Friday, November 26, 2010

Notes from Hypnotherapy Session #2

From the Energy Reading:
  • Two Chakras most depleted are the throat and sacral. The throat is responsible for creativity and voice; the sacral is responsible for groundedness. Hips also depleted, left more than right.
  • There's a strong disconnect between my head and heart (mind and body). The mind often acts out of fear; the heart out of love and light.
  • My purpose is to spread light and love, to make a difference in people's lives simply by sending out positive energy to them (which must replace the energy of fear and anger I currently send out).
  • I have a "guide"; his name is Joseph, and I should ask for his help to meditate.
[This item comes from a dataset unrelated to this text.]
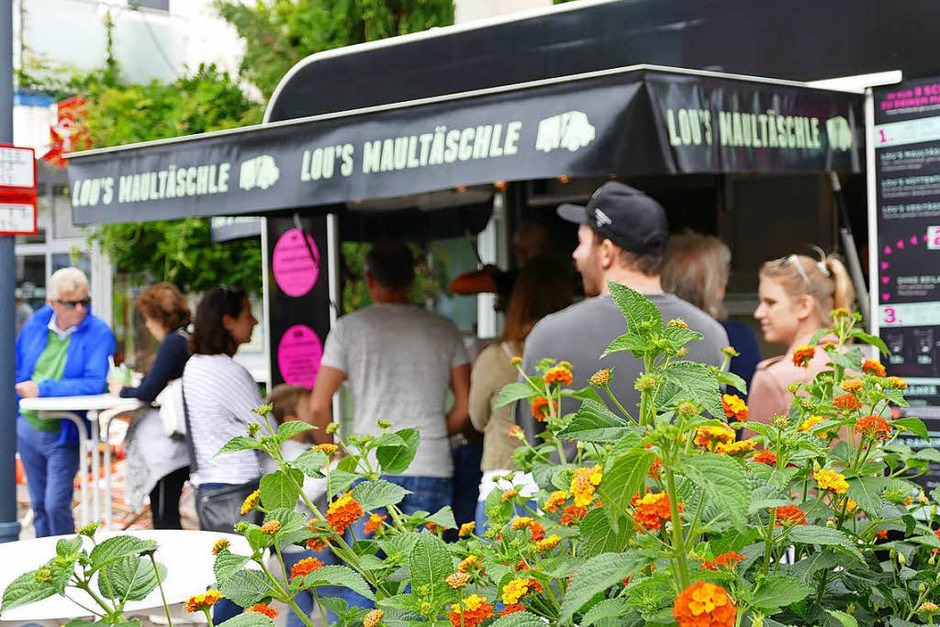 Die erste BZ Food Truck Meile in Bad Krozingen stieß auf eine riesige Resonanz. (Foto: Susanne Müller) Die erste BZ Food Truck Meile in Bad Krozingen stieß auf eine riesige Resonanz. (Foto: Susanne Müller)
I should choose a word (like "one" or "home") to repeat, keep a pen and paper nearby to write down anything that persists, try to get to silence.
  • I have grounding issues. Meditating light into my sacral Chakra (tailbone) and connecting it to the earth will help with feelings of scatteredness; eating root veggies and peanuts, putting my hands in the dirt, and hugging or rubbing my back against a tree will also help me feel grounded. My biggest challenge right now is finding the ground because I'm floating, unanchored.
  • The five words she "heard" most often during her energy reading of my body were anger, fear, humiliation, abandonment, and frozen trauma.
From the Hypnotherapy session. The following are mantras we came up with during the session:
  • I have important things to say
  • I'm doing the right thing, whatever I'm doing
  • I want to do what brings me pleasure and brings me joy
  • My body is strong
  • I can do whatever I put my mind to
  • I am a powerful being of light.
[My first word when I was a baby was light.]
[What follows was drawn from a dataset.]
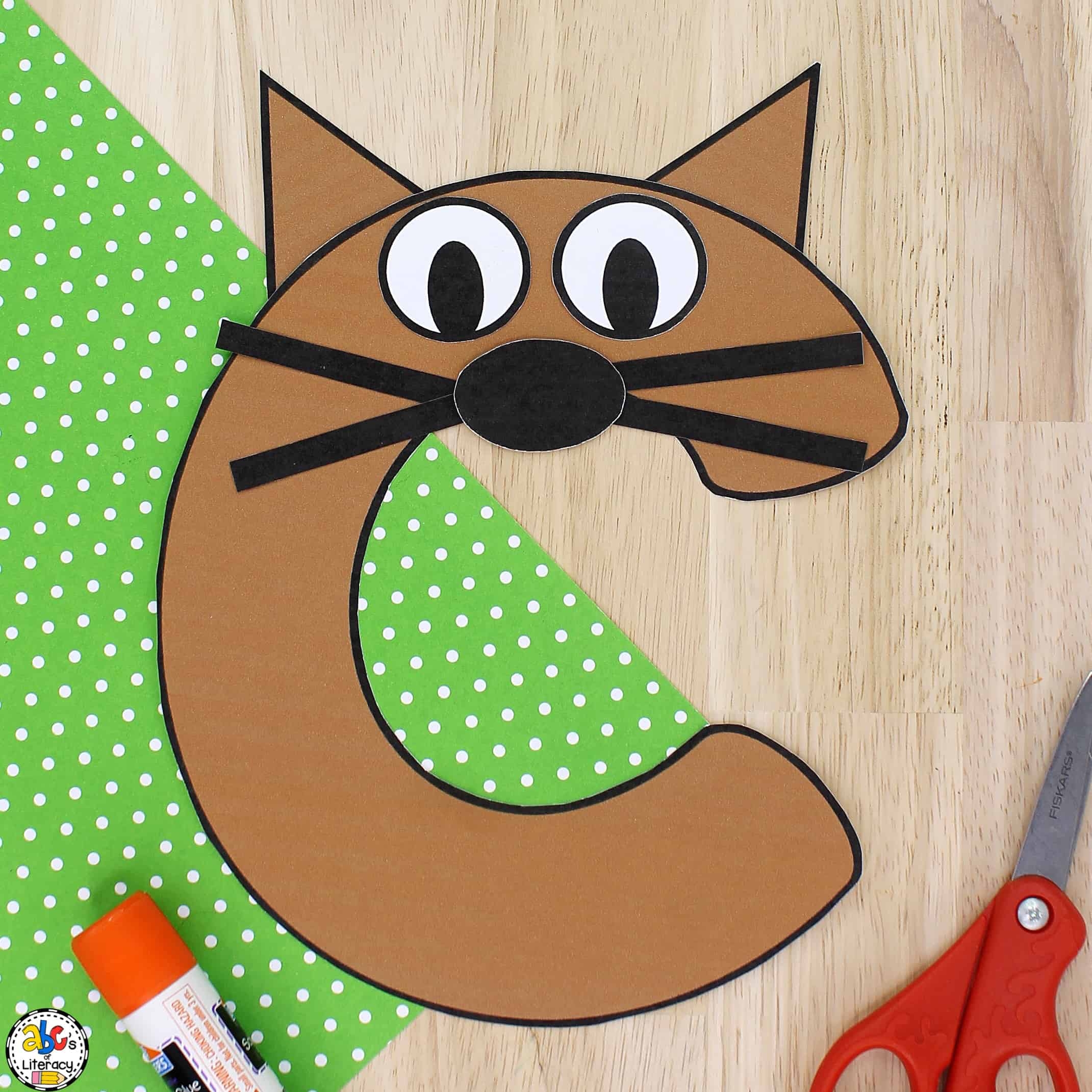 printable cat craft template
Saturday, November 20, 2010

Can't Read, So Write

I've sat down 4 times now to read for class Tuesday and can't seem to get focused. My mind keeps going back to a mental image accompanied by a panoply of sounds, none of which are related to the mental image, vertiginous in that its space is out of sync with its sounds.

The Space
It's the conference room in Morrill Hall, the English Department conference room, and I'm there to listen to two ABDs deliver pieces from their dissertation. Only three professors showed up; the rest were PhD students. Small talk, mostly; noncommittal, mostly avoiding eye contact (though not with every single one of them), topics I've already forgotten. In my mental image, it's as though a camera is looking down from the front of the room, ceiling-level, centered onto the room which has three rows of officey chairs in an arc before a podium upon a table. There I am, last row, third chair from the door.

The Sounds
The night before, Thursday, another student and I met with a professor in her office in the evening as we do twice a month to discuss the last 2 books we've read. That night, we were supposed to have been discussing excerpts from one book, which I had painstakingly taken an hour to PDF for the professor so that she could print them out 5 minutes before our meeting. The last time we met, she finished the meeting by telling me that I needed to stop "performing not-knowing" and begin "performing knowing," by which she meant that, in class and in meetings and anywhere when I'm around other English students and professors, I should speak only when I'm sure of what I'm saying, but otherwise, I should remain quiet and absorb what I can from the conversation. If the conversation steers toward a book I've never read, for example, it's bad form to say, during that conversation, that I've never read the book. I'm to refrain from speaking at all until I have something worthwhile to contribute. But this is a tricky situation, because if I don't know anything about what we're talking about, then when the professor calls on me to give an answer, instead of being my articulate self, speculating as to why I think it might be... I'm completely cut off from language, and I blurt out something asinine, because, in my mind, during the entire conversation leading up to this moment, instead of thinking to myself, "how can I put my voice into this conversation," I've been telling myself, "don't try to say anything; absorb what you can." So that when she calls on me, I'm not prepared to talk because, as she's told me to do, I'm refraining from speaking when I know nothing... and now she wants me to talk?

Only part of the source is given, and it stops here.